As Facebook’s scandals have unfolded, the backlash against Big Tech has accelerated at a dizzying pace. Anger, however, has outpaced thinking. The most fully drawn and enthusiastically backed proposal now circulating through Congress would regulate political ads that can appear on the platform, a law that hardly curbs the company’s power or profits. And, it should be said, a law that does nothing to attack the core of the problem: the absence of governmental protections for personal data.
The defining fact of digital life is that the web was created in the libertarian frenzy of the 1990s. As we privatized the net, releasing it from the hands of the government agencies that cultivated it, we suspended our inherited civic instincts. Instead of treating the web like the financial system or aviation or agriculture, we refrained from creating the robust rules that would ensure safety and enforce our constitutional values.
This weakness has long been apparent to activists toiling on the fringes of debate—and the dangers might even have been apparent to most users of Facebook. But it’s one thing to abstractly understand the rampant exploitation of data; it’s another to graphically see how our data can be weaponized against us. And that’s the awakening occasioned by the rolling revelation of Facebook’s complicity in the debacle of the last presidential campaign.
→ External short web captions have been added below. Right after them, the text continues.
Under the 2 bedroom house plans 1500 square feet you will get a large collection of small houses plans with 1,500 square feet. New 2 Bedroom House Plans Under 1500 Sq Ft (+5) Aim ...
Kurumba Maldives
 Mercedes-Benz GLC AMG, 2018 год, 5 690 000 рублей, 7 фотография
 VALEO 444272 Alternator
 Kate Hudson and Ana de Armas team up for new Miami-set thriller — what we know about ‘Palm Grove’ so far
The fact that Facebook seems unwilling to fully own up to its role casts further suspicion on its motives and methods. And in the course of watching the horrific reports, the public may soon arrive at the realization that it is the weakness of our laws that has provided the basis for Facebook’s tremendous success.
If we step back, we can see it clearly: Facebook’s business model is the evisceration of privacy. That is, it aims to adduce its users into sharing personal information—what the company has called “radical transparency”—and then aims to surveil users to generate the insights that will keep them “engaged” on its site and to precisely target them with ads. Although Mark Zuckerberg will nod in the direction of privacy, he has been candid about his true feelings. In 2010 he said, for instance, that privacy is no longer a “social norm.” (Once upon a time, in a fit of juvenile triumphalism, he even called people “dumb fucks” for trusting him with their data.) And executives in the company seem to understand the consequence of their apparatus. When I recently sat on a panel with a representative of Facebook, he admitted that he hadn’t used the site for years because he was concerned with protecting himself against invasive forces.
We need to constantly recall this ideological indifference to privacy, because there should be nothing shocking about the carelessness revealed in the Cambridge Analytica episode. Facebook apparently had no qualms about handing over access to your data to the charlatans working on behalf Cambridge Analytica—expending nary a moment’s time vetting them or worrying about whatever ulterior motives they might have had for collecting so much sensitive information. This wasn’t an isolated incident. Facebook gave away access to data harvesters as part of a devil’s bargain with third-party app developers. The company needed relationships with these developers, because their applications lured users to spend ever more time on Facebook. As my colleague Alexis Madrigal has written, Facebook maintained lax standards for the harvest of data, even in the face of critics who stridently voiced concerns.
Mark Zuckerberg might believe that world is better without privacy. But we can finally see the costs of his vision. Our intimate information was widely available to malicious individuals, who hope to manipulate our political opinions, our intellectual habits, and our patterns of consumption; it was easily available to the proprietors of Cambridge Analytica. Facebook turned data—which amounts to an X-ray of the inner self—into a commodity traded without our knowledge.
In the face of such exploitative forces, Americans have historically asked government to shield them. The law protects us from banks that would abuse our ignorance and human weaknesses—and it precludes the commodification of our financial data. When manufacturers of processed food have stuffed their products with terrible ingredients, the government has forced them into transparently revealing the full list of components. After we created transportation systems, the government insisted on speed limits and seat belts. There are loopholes in all of this, but there’s an unassailable consensus that these rules are far better than the alternative. We need to extend our historic model to our new world.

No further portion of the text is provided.